Slow & Steady (#366)
Never in my life before the age of 22 was I called an overachiever.
I graduated in the 50th percentile of my high school class. In college, the prestigious summer internships I wanted didn’t consider me, so I worked at a bank’s internal temp agency for two summers, doing pretty remedial work. Then as a college senior, I didn’t get a job offer from any of my top choices for my first employer, and plastered the many rejection letters on my dorm wall in a collection with my roommates.
But now, almost 25 years later, things turned out okay. I started five organizations, became a CEO, wrote six books and speak to audiences around the world.
An outside observer today would probably wonder how this is possible given my impressively unremarkable younger years. But I believe my early failures and leisurely pace were features, not bugs. By the time I hit the professional world and knew what I wanted to do, I had the drive, energy and experience with failure required to prevail in the long run.
I believe strongly that many parents, kids and educators today have completely lost sight of the fact that life is a marathon, not a sprint. Over the past two decades, our society has placed far too much pressure on the first leg of the race of life.
As I have been touring colleges with my middle child, I’ve felt anxiety as I’ve listened to the student tour guides who serve as exemplars. Everyone is a double major with a minor, has an internship, and is involved in several clubs and extracurricular activities.
It’s easy to see where this comes from: kids today are shuttled from activity-to-activity while being pressured to be great at everything. They have been conditioned to believe getting a B is a failure, even in topics they don’t enjoy and will never pursue further. They are certainly not encouraged to take any classes that put their perfect GPAs at risk, even if they’re passionate or curious about them.
This environment has created a generation of students Yale professor William Deresiewicz calls “excellent sheep.”
Being an excellent sheep doesn’t get you far in the real world. As this crop of objectively talented students graduate, they are experiencing record rates of burnout and mental health issues in their 20s. Scholars had to invent a term for this disastrous new phenomenon: the quarter-life crisis.
Today’s youth have sacrificed so much of their childhood and worked so tirelessly during their school years, believing that reaching the professional world would be the reward for all their exertion. However, as older generations know well, getting to the real world is only the beginning.
Years of weeks stuffed with marathon study sessions and extracurricular activities that are more about resume-building rather than genuine interest have demolished people’s physical and mental capacity and taxed their resilience. Plus, many members of Gen Z aren’t prepared for embracing feedback about things they don’t do well, inevitable setbacks/failure, and working more than 40 hours a week. This is a stark contrast from their parents, who were raised in a very different culture and left university full of energy and ready to do whatever was asked of them to learn and grow.
In his book Good To Great, Jim Collins shared the story of a 1910 race between Robert Falcon Scott and Roald Amundsen, who each aimed to be first to reach the South Pole. Amundsen’s team handily beat Scott’s team and returned intact, while Scott’s team lost the race and suffered many casualties in the process.

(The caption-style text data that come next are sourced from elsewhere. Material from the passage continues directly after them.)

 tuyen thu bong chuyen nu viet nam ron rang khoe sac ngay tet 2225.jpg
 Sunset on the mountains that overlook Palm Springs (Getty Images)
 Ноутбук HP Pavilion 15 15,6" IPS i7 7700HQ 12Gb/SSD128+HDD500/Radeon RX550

Scott’s approach was logical: his team would travel 50 or 60 miles on clear days and then rest on stormy ones. The problem was they often overexerted themselves when they had a run of several clear days in a row.
In contrast, Amundsen built his strategy around the concept of the 20-mile march. No matter how good or bad the weather, his team only marched 20 miles each day to keep an even pace. They opted for a measured, consistent approach and ended up with the better outcome.

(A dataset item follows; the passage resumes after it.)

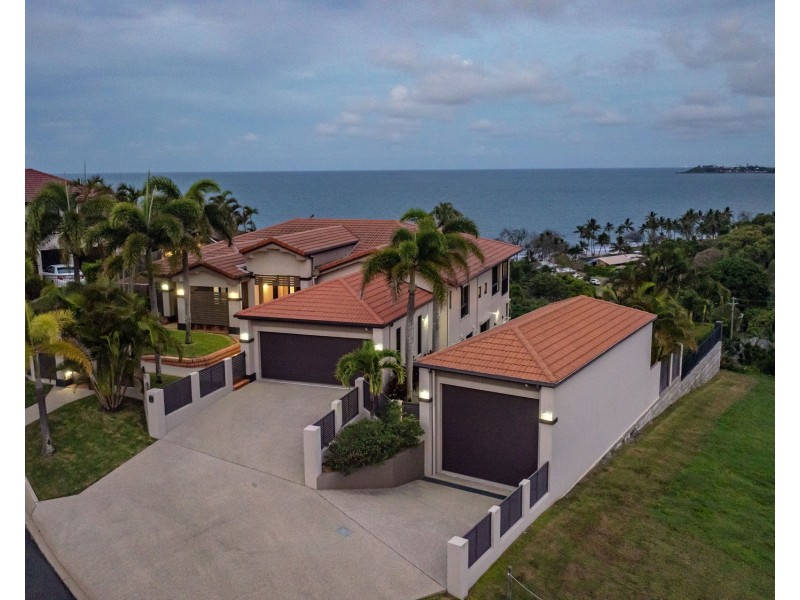 8 Rainbow Crescent, Blacks Beach QLD 4740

The lesson of the 20-mile march that Collins extrapolated to organizations is clear: teams and companies that tend to finish first in the long run focus on consistency and playing the long game. Parents and leaders would do well to learn the same lesson. Having high standards is crucial, but so is focusing on the big picture and recognizing sprinting full out through the early stages of a race often means running out of gas before the finish line.
Likewise, kids encouraged to spend the first quarter of their life pushing themselves to their limits will end up much like Scott did: battered, burned out and watching someone else plant a flag at their dream destination.